I’m typing this from home and my kart is at the track, so I cannot do any measurements to help with seat positioning. If this is important to you, I will be at the track mid-week to wrench for our upcoming club race and I can get a couple dimensions for seat location. Also, Ron set the ackerman, so I could get what holes he selected on the steering column and the spindle and forward that info as well.
Cheers

1 Like

That’s pretty much recommended baseline set up, CRG set mine the same except shortening the axle. I moved front track in 1/2 spacer to dial out a bit of entry oversteer and set caster 1 serration to negative (neutral is +10 deg) to help it roll smoothly out of the turns. One seat strut either side I have, third bearing isn’t removed but it’s loose - just kept in its place with a loose cable tie.

I’m still a bit confused when people call out “0 castor” or “stand it up”. I agree that the king pin on a kart leans back so as to create positive castor (I did not know it was precisely 10 degrees). However, when folks say to “stand it up”, how many lines are showing towards the front of the kart on the sniper castor/camber base that sits under the castor/camber top? Does the top cover all lines of the base?

Never come across ‘stand it up’ and of course a kart never runs 0/zero caster.

Caster is built into the chassis by the position of the 'C ’ bracket on manufacture.

@Richard_Jacques tells us above that the built in caster angle on his CRG is 10 degrees. ie The kingpin leans backwards at 10 degrees to the vertical when the caster adjustment is in its central ( neutral) position.

The Sniper adjusters (good pics at www.sniperamericas.com) allow for caster adjustment of around 3 degrees each way from the neutral setting in 1 degree steps. ie 7 to 13 degrees of caster.

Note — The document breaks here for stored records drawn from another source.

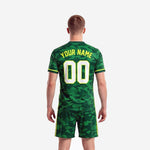 Green soccer uniforms jersey detail showing V-neck collar with dark forest trim and neon yellow cuff accent stripes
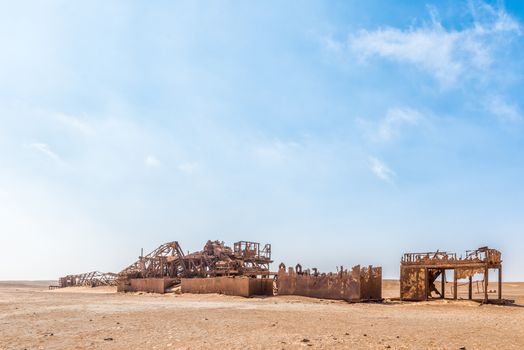 The rusted remains of an abandoned oil drilling rig between Henties Bay and Torra Bay in the Skeleton Coast area of Namibia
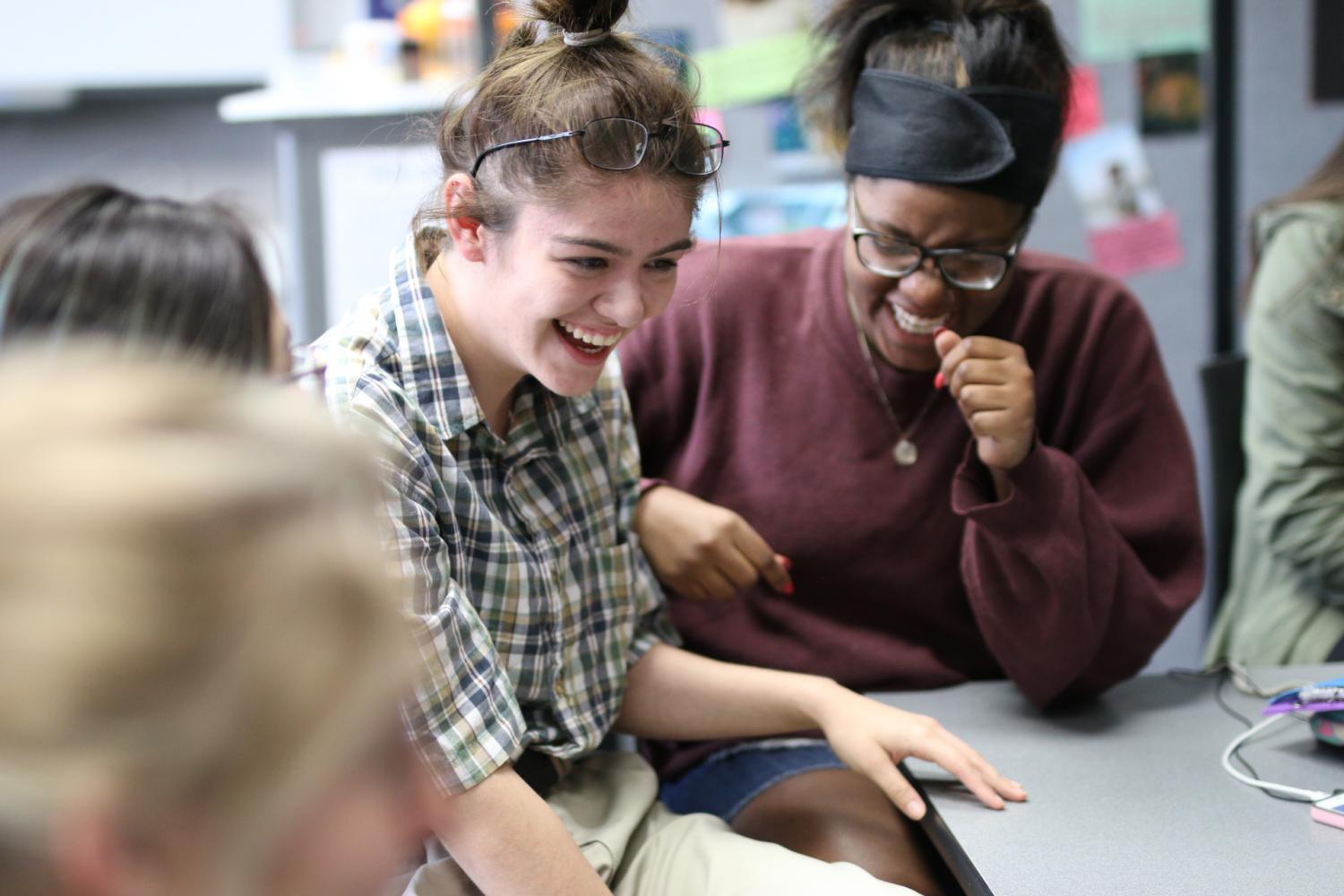 At a recent LHS United meeting, seniors Jennifer Graham Leal and Jaimee Johnson, an LHS United board member, share a laugh while discussing how to raise awareness and celebrate diversity at LHS.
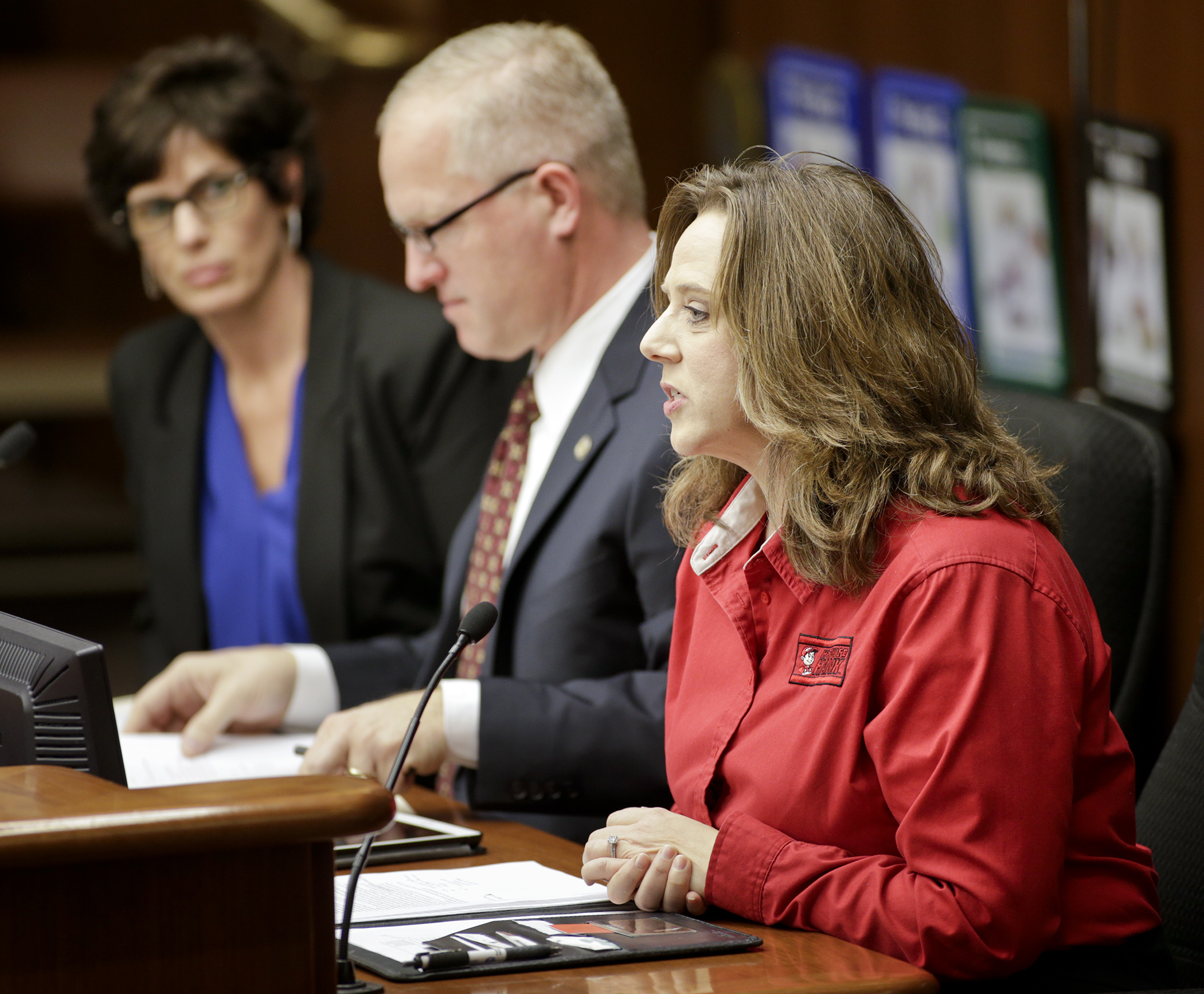 Deborah Everson, co-owner of Everson’s Hardware Hank in Waconia, testifies before the House Taxes Committee Jan. 19 in favor of HF186, sponsored by Rep. Jim Nash, center, which would provide an allowance for those collecting and remitting sales tax. At left is Rep. Barb Haley. Photo by Paul Battaglia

So in the neutral position 1 line is just showing on the Sniper base to the front of the kart. 1line to the rear of the kart. The ‘top’ is central fore and aft on the’ base’ and you have around 10 degrees caster.

For max. caster the ‘top’ is moved backwards over the ’ base’, 4 lines visible on ’ base’ to front of the kart none to back, 13 degrees caster.

Min. caster 4 lines visible to back none to front, 7 degrees caster.

1 Like

I never came across stand it up either, to be honest.

Is it really only 10 degrees built in. I might be remembering wrong but isn’t a otk. Like 16 or 18 degrees built in?

You may be right. All I have access to is a Biz prokart chassis which measures about 10 degrees.